DIRECTIONS FOR THIS TASK:
Search the listing for the word "Front" and copy every line where it turns up.

DATASET:

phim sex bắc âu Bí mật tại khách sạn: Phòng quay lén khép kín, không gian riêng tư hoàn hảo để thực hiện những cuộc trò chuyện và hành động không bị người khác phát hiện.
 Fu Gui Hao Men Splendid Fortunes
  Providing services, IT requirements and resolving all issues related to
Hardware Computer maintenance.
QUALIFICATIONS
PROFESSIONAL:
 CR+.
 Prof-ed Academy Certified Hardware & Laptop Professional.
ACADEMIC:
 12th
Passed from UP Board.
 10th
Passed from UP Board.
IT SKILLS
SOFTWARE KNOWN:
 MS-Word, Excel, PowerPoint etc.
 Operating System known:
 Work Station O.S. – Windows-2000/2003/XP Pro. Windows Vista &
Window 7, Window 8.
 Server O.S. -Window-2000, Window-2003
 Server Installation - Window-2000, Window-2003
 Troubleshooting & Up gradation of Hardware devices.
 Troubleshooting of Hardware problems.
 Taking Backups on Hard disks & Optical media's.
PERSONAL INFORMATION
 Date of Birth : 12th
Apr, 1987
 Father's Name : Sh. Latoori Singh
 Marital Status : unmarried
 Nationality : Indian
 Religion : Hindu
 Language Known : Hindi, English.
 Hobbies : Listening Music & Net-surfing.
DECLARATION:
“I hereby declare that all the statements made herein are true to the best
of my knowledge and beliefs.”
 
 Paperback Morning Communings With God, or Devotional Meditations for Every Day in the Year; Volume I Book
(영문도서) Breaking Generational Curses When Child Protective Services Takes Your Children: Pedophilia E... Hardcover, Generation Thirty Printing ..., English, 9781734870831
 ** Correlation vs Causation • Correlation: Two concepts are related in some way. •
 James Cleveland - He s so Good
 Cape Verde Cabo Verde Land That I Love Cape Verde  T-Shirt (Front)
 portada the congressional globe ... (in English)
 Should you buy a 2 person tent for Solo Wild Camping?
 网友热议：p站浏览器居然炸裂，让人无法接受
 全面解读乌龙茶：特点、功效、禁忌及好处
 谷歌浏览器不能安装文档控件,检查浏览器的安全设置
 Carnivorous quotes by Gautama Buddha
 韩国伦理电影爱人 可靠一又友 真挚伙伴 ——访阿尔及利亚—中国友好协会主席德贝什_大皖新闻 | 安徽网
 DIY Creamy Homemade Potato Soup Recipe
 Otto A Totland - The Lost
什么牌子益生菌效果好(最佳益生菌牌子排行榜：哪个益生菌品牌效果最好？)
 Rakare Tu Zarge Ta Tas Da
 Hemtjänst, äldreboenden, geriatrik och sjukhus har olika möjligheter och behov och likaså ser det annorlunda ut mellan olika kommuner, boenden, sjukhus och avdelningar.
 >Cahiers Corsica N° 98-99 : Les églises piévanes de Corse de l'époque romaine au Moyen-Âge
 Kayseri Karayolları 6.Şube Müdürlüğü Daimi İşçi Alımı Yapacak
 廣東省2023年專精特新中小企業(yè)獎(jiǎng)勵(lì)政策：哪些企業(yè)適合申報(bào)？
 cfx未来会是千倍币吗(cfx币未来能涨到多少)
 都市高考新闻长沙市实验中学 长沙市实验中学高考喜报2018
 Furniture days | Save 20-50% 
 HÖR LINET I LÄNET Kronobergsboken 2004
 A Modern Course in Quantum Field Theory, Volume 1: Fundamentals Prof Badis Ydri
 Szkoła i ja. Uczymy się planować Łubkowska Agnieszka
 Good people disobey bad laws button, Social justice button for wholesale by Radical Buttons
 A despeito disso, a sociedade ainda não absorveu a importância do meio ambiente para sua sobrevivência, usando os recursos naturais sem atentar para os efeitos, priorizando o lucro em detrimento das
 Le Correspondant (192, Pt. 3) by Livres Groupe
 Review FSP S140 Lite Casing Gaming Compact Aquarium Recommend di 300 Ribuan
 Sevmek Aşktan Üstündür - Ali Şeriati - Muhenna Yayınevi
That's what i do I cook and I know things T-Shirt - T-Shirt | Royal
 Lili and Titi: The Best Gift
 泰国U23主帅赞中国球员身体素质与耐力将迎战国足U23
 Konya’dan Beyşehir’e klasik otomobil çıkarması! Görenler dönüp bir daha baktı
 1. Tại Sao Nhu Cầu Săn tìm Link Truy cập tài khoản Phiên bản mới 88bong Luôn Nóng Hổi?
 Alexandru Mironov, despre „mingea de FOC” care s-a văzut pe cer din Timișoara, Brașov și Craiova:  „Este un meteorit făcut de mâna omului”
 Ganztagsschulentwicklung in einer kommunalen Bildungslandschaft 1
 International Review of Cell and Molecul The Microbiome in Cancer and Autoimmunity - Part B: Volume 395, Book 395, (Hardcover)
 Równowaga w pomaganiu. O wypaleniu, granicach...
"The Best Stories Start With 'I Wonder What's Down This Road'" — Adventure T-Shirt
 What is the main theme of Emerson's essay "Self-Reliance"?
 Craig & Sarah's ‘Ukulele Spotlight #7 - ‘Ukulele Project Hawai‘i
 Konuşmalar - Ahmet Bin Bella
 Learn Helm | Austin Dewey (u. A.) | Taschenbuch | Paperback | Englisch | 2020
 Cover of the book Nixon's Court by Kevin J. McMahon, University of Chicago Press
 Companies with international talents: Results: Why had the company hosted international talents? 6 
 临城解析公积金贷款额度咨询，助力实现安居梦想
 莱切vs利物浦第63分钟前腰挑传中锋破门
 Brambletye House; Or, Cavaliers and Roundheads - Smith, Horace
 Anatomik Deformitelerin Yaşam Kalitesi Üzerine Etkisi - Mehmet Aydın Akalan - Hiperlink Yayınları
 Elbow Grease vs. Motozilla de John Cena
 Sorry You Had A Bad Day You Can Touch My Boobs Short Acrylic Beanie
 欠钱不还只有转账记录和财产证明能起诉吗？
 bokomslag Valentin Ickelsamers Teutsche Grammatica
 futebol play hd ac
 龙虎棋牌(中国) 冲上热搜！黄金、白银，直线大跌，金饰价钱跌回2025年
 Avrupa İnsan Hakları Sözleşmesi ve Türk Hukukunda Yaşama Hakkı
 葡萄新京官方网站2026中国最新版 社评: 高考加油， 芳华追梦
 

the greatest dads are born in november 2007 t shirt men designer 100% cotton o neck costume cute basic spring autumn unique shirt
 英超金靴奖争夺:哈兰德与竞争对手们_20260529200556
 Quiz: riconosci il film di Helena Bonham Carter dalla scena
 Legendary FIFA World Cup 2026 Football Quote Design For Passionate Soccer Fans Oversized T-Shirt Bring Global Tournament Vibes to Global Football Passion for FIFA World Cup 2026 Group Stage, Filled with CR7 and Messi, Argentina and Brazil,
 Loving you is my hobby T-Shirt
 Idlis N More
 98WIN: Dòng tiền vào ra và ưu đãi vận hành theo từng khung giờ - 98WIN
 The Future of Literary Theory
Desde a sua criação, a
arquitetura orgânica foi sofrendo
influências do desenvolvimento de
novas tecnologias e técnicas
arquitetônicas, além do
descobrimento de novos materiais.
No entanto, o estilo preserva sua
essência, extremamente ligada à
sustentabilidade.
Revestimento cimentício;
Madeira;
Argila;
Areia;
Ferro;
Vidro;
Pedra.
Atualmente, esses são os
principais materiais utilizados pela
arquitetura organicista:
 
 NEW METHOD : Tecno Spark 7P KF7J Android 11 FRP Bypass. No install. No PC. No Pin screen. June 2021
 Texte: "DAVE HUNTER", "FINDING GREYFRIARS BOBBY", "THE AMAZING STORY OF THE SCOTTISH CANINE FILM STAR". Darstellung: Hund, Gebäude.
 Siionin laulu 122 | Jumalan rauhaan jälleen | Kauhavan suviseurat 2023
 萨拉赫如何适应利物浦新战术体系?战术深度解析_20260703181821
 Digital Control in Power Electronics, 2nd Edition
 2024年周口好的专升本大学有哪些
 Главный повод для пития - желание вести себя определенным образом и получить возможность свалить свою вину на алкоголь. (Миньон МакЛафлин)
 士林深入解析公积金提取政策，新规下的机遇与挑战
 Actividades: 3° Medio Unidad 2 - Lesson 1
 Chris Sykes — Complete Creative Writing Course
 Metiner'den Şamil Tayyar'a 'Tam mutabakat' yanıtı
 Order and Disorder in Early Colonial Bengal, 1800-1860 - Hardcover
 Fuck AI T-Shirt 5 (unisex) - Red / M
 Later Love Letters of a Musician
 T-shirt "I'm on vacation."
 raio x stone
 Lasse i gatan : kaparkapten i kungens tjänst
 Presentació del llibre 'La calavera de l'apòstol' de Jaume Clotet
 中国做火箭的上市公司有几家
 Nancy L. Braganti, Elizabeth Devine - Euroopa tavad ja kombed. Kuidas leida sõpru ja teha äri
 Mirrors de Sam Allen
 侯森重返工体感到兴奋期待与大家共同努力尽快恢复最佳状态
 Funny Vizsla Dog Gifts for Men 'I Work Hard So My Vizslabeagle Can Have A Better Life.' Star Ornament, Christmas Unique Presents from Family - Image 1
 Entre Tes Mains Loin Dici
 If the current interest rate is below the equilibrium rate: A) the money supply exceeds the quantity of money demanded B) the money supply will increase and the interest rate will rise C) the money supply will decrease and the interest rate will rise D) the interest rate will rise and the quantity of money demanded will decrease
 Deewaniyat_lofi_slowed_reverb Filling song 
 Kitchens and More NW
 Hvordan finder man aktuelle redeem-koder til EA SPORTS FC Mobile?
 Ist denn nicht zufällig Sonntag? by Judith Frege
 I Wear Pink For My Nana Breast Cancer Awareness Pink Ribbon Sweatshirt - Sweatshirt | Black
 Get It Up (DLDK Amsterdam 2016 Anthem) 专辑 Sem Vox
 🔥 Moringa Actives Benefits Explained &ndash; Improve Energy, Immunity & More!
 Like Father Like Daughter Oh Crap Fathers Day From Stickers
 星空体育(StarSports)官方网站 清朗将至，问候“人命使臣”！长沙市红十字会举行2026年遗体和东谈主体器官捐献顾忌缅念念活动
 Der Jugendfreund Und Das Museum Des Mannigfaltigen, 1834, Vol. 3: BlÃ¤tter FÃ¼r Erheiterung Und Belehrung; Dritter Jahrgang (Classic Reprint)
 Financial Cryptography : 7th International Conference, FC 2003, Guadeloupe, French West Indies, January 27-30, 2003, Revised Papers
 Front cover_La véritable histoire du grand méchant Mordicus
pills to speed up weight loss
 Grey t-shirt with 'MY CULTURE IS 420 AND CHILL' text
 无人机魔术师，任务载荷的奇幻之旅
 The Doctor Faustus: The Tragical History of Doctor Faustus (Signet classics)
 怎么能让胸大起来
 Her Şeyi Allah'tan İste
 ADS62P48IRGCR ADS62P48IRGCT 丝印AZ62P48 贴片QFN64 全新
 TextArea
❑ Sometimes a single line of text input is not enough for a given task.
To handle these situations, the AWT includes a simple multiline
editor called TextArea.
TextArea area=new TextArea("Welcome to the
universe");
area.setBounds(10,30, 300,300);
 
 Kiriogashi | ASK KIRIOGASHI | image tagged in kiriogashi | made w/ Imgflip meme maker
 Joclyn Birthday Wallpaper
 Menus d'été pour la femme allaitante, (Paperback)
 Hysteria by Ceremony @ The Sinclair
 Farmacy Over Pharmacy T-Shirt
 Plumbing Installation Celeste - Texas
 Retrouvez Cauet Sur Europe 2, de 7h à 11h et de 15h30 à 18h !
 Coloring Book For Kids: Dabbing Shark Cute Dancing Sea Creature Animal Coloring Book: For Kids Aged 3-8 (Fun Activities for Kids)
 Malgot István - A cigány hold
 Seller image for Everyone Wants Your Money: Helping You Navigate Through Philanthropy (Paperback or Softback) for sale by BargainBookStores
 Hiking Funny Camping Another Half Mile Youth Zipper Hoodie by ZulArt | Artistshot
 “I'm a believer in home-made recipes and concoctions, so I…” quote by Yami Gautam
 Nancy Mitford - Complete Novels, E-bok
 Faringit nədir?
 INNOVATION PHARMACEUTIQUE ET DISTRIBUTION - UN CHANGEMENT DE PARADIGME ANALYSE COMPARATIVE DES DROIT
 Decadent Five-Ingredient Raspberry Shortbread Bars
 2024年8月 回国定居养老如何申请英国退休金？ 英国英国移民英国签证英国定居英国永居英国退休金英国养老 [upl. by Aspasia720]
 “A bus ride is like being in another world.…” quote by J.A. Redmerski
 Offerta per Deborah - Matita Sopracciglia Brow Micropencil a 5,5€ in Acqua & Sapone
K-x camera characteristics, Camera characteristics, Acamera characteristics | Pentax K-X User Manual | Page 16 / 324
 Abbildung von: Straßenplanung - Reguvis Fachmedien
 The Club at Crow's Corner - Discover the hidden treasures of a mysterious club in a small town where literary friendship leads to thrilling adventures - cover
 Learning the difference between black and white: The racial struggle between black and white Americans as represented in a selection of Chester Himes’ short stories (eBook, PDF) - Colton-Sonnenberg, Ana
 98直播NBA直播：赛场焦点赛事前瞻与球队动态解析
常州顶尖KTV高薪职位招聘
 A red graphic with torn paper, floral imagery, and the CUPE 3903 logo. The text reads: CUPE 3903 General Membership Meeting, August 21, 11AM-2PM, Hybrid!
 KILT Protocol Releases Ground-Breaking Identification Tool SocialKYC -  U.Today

SOLVED PROBLEM:
 Cape Verde Cabo Verde Land That I Love Cape Verde  T-Shirt (Front)
 Front cover_La véritable histoire du grand méchant Mordicus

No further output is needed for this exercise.